Über das Verhältnis der Arabischen Liga zu Gaddafi

Wir waren’s nicht!

Dass seine Kollegen in der Arabischen Liga Kampfeinsätze gegen ihn unterstützen, hätte sich Gaddafi vor einem Jahr wohl kaum vorstellen können. Immerhin kommt für viele überraschend, dass die Liga überhaupt politische Verantwortung übernommen hat – offenbar sogar für sie selbst.

Vor genau einem Jahr fand im libyschen Küstenort Sirte, der Herkunftsstadt Muammar al-Gaddafis, das jährliche Gipfeltreffen der Arabischen Liga statt. Gaddafi wurde als Gastgeber für ein Jahr automatisch Vorsitzender eines Vereins, der 2010 auf ein 65jähriges Bestehen zurückblicken konnte. Ein Jahr später kämpfen libysche Rebellen in der Wüste vor Sirte gegen Gaddafis Regierungstruppen. Die Rebellen haben es bis hierher geschafft, weil sie von den Kampfbombern einer Koaliation unterstützt werden, die sich dabei auf eine UN-Resolution beruft, für die die Arabische Liga mitverantwortlich ist. Es war die erste wirklich mutige Entscheidung dieser Vereinigung, die eigentlich schon längst am Ende war. Dafür war das Jubiläumstreffen in Sirte ein eindrucksvoller Beweis. Die Mindestanforderung an solch ein Treffen würdiger Staatsoberhäupter ist, dass ein wenig gegenseitige Achtung und zwischenmenschliche Kommunikation inszeniert wird. Der Gastgeber darf sich geehrt fühlen und viel Brimborium veranstalten, und am Ende lächeln alle in die Kameras, während ein nichtssagendes Schlusskommunique verlesen wird. Mehr als dieses Ritual brachte die Organisation, die einst im Zuge der Entkolonialisierung und des beginnenden Kalten Kriegs gegründet wurde, schon lange nicht mehr zustande.

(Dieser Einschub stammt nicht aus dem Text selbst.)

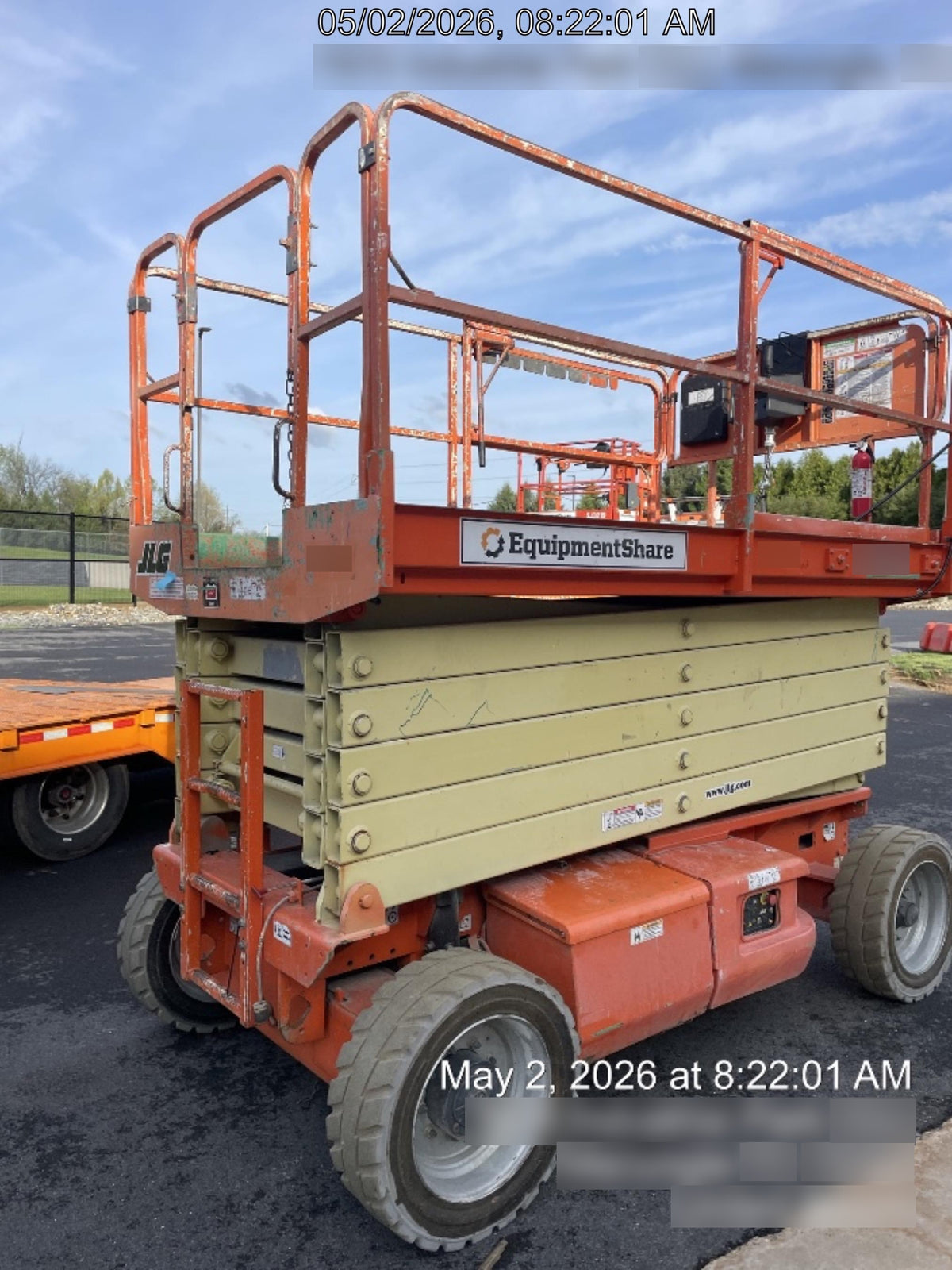 2007 JLG 4069LE Standard Rental Specs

Doch 2010 gelang der Arabischen Liga nicht einmal das. In Sirte fehlten acht Staatschefs der 22 Mitgliedstaaten, ein Großteil der erschienenen hochrangigen Repräsentanten reiste noch vor dem offiziellen Ende wieder ab. Der saudische König etwa zeigte sich verstimmt, weil Gaddafi ihn auf dem vorherigen Gipfeltreffen der Liga als »Lügner« bezeichnet hatte. Die Libanesen trugen dem libyschen Führer immer noch nach, dass er 1978 einen prominenten schiitischen Geistlichen und Politiker in Libyen hatte verschwinden lassen. Es war also kein Zufall, dass der Libanon die Anti-Gaddafi-Resolution als Mitglied im UN-Sicherheitsrat so vehement unterstützt hat. Vielleicht hätte sich Gaddafi gegenüber seinen arabischen Kollegen nicht so oft daneben benehmen sollen. Dass die Liga bereits ein Jahr später eine für Gaddafi sowie den Rest der Welt bedeutsame Entscheidung treffen würde, war ihr damals allerdings noch kaum zuzutrauen.

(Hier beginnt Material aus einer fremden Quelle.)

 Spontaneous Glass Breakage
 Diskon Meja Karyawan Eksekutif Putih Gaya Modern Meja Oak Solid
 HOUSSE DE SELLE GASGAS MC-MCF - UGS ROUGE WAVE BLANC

Dem Generalsekretär der Arabischen Liga, dem Ägypter Amr Moussa, oblag es, nach der überraschend klaren Entscheidung der Liga für eine Intervention in Libyen klarzumachen, dass die entschiedene Ablehnung von Verantwortung nicht ganz aus dem Repertoire nahöstlicher Politiker verschwunden ist: Nach Beginn der Bombardements distanzierte er sich von der Umsetzung der UN-Resolution, die er zuvor noch wortreich unterstützt hatte, gleichsam auf Vorrat. Sonst hätte man ihn ja auf etwas festnageln, ihn für etwas verantwortlich machen können.

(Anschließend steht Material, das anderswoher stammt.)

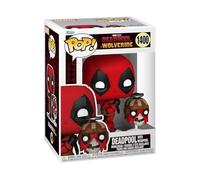 Funko Pop! & Buddy: Deadpool & Wolverine - Deadpool with Headpool - Figura in Vinile da Collezione - Idea Regalo - Merchandising Ufficiale - Giocattoli per Bambini e Adulti - Movies Fans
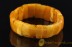 ANTIQUE Unique Color BALTIC AMBER Huge Bangle Bracelet 4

Ein kleines Satyrspiel zu dieser Tragikomödie der Arabischen Liga liefert Wolfgang Gehrcke, der außenpolitische Sprecher der »Linken«, der kürzlich meinte, zu den vielen, vielen Opfern des von der Nato in Libyen geführten Krieges gehöre auch »die Arabische Liga, die kaum mehr handlungsfähig ist«. Trifft man einmal eine Entscheidung, ist man prompt auch schon wieder Opfer. Die Arabische Liga wird hoffentlich daraus lernen.